[Start of section]
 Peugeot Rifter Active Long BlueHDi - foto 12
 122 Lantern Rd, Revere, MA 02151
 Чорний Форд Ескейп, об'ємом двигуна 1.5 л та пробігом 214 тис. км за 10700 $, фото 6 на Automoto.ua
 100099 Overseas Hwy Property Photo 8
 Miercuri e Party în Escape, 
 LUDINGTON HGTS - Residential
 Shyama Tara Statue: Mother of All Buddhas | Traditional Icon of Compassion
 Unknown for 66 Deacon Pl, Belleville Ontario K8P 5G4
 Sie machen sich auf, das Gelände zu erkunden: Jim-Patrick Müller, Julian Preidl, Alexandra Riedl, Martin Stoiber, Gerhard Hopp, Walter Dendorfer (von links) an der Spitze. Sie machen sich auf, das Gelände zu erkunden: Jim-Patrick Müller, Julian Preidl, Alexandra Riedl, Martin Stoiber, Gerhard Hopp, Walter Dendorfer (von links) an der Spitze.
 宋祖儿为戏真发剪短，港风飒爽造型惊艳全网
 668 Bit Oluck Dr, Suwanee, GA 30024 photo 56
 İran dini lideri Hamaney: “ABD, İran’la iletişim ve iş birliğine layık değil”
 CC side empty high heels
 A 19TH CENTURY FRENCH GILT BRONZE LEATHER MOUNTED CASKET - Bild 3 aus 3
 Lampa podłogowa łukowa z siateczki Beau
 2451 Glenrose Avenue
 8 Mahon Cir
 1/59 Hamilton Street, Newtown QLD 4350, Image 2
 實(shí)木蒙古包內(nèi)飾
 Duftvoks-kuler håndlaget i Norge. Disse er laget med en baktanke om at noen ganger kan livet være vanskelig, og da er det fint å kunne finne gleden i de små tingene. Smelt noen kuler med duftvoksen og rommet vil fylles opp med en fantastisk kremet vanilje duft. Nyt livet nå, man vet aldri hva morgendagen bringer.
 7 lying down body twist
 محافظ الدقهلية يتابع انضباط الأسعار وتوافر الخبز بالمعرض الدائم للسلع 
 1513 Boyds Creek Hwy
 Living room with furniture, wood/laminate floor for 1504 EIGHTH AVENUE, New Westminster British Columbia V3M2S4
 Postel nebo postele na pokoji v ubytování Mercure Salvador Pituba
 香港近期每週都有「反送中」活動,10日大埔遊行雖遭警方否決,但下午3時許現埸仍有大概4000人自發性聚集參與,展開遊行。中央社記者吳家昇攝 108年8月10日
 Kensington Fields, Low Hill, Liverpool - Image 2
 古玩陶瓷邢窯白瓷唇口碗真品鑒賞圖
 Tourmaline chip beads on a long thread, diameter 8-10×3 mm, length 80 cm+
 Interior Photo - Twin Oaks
[End of section]
▸ **Task instructions**: Retype exactly. Start at the line with "1513 Boyds Creek Hwy" and stop at the last line of the data.

▸ **Written solution**:
 1513 Boyds Creek Hwy
 Living room with furniture, wood/laminate floor for 1504 EIGHTH AVENUE, New Westminster British Columbia V3M2S4
 Postel nebo postele na pokoji v ubytování Mercure Salvador Pituba
 香港近期每週都有「反送中」活動,10日大埔遊行雖遭警方否決,但下午3時許現埸仍有大概4000人自發性聚集參與,展開遊行。中央社記者吳家昇攝 108年8月10日
 Kensington Fields, Low Hill, Liverpool - Image 2
 古玩陶瓷邢窯白瓷唇口碗真品鑒賞圖
 Tourmaline chip beads on a long thread, diameter 8-10×3 mm, length 80 cm+
 Interior Photo - Twin Oaks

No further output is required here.